After watching the collection of talks on Covering World News, read a thoughtful recap of the major points in this TED Study, and learn where experts believe things are headed.

The speakers featured in Covering World News believe we're ill-served by the parochialism of our news at a time when the world's becoming a much more interconnected place. We desperately need our news to provide insights and information which allow us to reject representations that were forged in imperial times and which encourage the narrowest forms of ethnocentrism and nationalism.

As the speakers argued, the lack of breadth and diversity is manifest in the overdependence on the single-story approach to news; the gaps in consistent reporting on important sectors of the global village; the ideologically-driven misrepresentations of Africa and other regions; and the gendered patterns of news.

In response, journalists, academics and researchers are actively questioning news values and the media's habitual representations across as many different cultural and national spaces as possible.

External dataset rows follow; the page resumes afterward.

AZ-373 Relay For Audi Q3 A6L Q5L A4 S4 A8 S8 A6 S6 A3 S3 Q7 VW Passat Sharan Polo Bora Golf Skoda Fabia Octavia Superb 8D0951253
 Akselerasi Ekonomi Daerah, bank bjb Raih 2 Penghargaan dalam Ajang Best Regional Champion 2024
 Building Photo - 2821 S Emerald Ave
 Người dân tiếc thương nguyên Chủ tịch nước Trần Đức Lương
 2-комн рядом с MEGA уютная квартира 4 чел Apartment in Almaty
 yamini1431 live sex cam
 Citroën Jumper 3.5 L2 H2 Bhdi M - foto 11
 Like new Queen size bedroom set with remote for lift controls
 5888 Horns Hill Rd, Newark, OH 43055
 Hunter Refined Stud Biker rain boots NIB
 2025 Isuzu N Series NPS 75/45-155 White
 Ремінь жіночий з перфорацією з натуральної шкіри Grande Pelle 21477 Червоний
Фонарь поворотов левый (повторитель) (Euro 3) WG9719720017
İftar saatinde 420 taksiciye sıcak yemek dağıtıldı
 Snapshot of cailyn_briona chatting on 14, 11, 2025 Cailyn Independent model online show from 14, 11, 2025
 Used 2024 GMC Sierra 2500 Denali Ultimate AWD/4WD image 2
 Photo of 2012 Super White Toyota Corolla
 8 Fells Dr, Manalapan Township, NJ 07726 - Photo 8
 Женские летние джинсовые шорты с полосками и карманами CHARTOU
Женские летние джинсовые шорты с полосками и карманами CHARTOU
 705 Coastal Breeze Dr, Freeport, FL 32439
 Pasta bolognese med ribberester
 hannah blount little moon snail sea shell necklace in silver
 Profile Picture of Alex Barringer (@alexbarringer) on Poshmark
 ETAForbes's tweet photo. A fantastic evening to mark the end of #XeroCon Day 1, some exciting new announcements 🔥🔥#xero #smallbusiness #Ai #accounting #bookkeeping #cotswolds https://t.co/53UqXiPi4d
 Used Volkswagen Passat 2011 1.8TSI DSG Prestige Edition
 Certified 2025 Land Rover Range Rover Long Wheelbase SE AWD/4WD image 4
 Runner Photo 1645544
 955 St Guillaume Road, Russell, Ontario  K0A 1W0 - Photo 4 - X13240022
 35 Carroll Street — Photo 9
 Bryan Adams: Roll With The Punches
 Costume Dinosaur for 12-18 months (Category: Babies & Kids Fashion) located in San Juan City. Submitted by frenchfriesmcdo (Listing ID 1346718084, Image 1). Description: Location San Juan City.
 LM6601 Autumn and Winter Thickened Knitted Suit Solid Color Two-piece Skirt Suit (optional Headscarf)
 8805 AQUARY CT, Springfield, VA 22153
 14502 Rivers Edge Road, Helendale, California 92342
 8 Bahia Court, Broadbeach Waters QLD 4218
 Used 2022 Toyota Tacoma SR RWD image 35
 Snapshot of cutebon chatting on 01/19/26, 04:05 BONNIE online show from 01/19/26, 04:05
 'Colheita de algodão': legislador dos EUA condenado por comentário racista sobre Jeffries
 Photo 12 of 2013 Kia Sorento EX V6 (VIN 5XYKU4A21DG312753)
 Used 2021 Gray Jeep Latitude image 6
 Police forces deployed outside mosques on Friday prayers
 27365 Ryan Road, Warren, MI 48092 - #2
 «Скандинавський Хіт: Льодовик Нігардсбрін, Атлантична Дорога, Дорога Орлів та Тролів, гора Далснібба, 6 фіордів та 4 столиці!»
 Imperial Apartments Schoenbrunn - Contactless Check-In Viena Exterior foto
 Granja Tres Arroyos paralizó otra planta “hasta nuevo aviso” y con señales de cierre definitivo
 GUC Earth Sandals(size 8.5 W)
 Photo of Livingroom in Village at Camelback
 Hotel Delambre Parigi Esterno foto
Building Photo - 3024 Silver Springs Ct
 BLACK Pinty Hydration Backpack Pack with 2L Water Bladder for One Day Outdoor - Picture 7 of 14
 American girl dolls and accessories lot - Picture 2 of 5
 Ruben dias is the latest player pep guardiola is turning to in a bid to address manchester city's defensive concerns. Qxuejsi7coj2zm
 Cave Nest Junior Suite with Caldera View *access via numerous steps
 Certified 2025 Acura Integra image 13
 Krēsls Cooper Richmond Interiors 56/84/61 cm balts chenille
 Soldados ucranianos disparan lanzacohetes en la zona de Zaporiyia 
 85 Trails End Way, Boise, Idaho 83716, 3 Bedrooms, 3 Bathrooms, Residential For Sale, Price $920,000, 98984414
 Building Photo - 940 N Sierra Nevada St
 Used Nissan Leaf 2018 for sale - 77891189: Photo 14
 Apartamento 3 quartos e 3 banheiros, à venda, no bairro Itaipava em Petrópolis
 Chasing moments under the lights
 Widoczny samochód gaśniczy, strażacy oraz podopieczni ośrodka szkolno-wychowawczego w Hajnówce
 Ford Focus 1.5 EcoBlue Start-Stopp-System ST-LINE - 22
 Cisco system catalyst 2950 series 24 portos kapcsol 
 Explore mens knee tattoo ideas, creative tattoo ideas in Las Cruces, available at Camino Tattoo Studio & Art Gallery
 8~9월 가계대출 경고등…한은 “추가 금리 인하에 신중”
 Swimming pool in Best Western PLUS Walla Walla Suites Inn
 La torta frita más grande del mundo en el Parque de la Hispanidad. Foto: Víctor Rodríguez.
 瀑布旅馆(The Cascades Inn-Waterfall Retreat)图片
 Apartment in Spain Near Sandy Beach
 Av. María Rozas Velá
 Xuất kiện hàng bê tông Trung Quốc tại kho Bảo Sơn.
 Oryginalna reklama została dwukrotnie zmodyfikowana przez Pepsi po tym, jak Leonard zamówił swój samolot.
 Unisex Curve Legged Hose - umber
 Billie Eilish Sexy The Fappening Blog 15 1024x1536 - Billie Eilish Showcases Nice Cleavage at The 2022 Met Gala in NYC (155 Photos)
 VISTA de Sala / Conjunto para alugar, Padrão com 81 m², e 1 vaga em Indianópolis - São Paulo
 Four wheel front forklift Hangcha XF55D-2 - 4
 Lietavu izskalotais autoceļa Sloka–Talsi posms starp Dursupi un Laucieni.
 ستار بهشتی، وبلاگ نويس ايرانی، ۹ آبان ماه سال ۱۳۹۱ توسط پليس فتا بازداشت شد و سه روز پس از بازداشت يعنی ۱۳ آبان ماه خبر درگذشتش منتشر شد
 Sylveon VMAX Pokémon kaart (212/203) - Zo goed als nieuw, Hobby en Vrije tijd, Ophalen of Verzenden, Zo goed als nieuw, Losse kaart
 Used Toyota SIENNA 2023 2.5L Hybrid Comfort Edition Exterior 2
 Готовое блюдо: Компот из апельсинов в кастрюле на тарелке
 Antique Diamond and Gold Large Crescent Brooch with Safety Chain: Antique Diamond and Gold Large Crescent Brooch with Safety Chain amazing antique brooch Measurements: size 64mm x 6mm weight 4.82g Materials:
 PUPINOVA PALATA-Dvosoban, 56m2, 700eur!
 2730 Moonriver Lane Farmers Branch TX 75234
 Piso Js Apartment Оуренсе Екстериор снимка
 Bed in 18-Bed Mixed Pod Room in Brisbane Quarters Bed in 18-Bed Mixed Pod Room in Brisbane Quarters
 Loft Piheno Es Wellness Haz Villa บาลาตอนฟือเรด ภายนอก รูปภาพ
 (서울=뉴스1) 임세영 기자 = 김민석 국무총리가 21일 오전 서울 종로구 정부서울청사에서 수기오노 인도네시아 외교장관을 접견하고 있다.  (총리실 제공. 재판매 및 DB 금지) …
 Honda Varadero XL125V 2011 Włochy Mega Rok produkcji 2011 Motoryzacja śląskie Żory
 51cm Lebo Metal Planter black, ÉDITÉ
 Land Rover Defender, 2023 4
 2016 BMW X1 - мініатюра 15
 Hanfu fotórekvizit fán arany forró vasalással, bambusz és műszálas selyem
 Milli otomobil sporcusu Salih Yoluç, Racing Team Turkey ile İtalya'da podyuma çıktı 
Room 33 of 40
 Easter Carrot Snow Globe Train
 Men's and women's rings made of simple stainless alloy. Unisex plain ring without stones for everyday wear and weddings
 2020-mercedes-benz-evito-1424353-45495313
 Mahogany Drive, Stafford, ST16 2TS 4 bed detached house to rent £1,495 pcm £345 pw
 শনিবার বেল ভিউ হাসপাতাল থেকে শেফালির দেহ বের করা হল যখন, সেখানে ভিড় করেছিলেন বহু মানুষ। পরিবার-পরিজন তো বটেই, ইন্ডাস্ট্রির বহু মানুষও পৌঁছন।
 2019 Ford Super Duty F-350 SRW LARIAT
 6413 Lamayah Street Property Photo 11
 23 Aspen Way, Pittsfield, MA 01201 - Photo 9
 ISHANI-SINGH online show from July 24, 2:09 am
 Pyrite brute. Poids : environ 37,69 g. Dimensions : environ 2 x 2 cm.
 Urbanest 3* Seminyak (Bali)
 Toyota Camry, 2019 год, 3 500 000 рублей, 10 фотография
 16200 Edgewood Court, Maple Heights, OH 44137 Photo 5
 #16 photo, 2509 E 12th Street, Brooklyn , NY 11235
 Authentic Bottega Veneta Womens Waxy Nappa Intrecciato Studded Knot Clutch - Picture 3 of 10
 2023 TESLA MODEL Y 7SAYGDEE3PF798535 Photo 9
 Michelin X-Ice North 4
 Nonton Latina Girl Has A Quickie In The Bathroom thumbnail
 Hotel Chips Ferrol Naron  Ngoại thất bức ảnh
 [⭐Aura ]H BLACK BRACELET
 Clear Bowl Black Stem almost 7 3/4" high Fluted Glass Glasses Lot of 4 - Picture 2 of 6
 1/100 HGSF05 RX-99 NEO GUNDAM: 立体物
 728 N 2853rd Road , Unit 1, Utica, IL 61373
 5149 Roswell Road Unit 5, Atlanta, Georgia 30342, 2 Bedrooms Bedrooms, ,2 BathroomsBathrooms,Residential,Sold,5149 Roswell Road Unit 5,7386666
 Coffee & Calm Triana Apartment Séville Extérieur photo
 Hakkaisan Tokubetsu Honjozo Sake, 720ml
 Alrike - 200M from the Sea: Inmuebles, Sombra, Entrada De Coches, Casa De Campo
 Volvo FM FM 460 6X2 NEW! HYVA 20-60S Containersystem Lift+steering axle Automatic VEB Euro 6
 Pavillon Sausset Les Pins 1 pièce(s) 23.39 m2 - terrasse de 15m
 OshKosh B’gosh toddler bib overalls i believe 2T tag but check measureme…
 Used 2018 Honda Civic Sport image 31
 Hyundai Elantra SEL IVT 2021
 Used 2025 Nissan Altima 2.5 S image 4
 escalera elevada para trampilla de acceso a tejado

Opportunities for such reflection are provided by an increasing range of internationally- oriented journalism and communication studies schools, many of which champion substantive, critical dialogue between the represented and the representers. The more that isolated and marginalized communities can be brought in — those people whose stories haven't been covered, due to their gender, ethnicity, economic status or geo-political location — the more we can hope to erode the rigidity of news values which simply reflect the dominant paradigms of political and cultural control.

And particularly since we've witnessed democratic movements fueled in significant measure by social media and citizen journalism, we need to consider the nature and function of news in an era where boundaries are dissolving between the domains of professionalized communication and the enthusiasms of the eyewitness or the committed citizen. How are audiences and journalists carrying out their roles online, and how is that medium changing the news values of mainstream media organizations? How do news values and democracy interrelate?

Thanks to digital technologies and the data they generate, we probably know much more today than in previous decades about the quality and quantity of global news coverage, audience engagement and patterns of media consumption. When we combine investigation of this data with other research methods like linguistic analysis and ethnographic observation, we can achieve a better understanding the problems besetting global news flows, identify ways to improve journalistic practices, and find ways through which world news, in a technologically interconnected world, can be truly connected.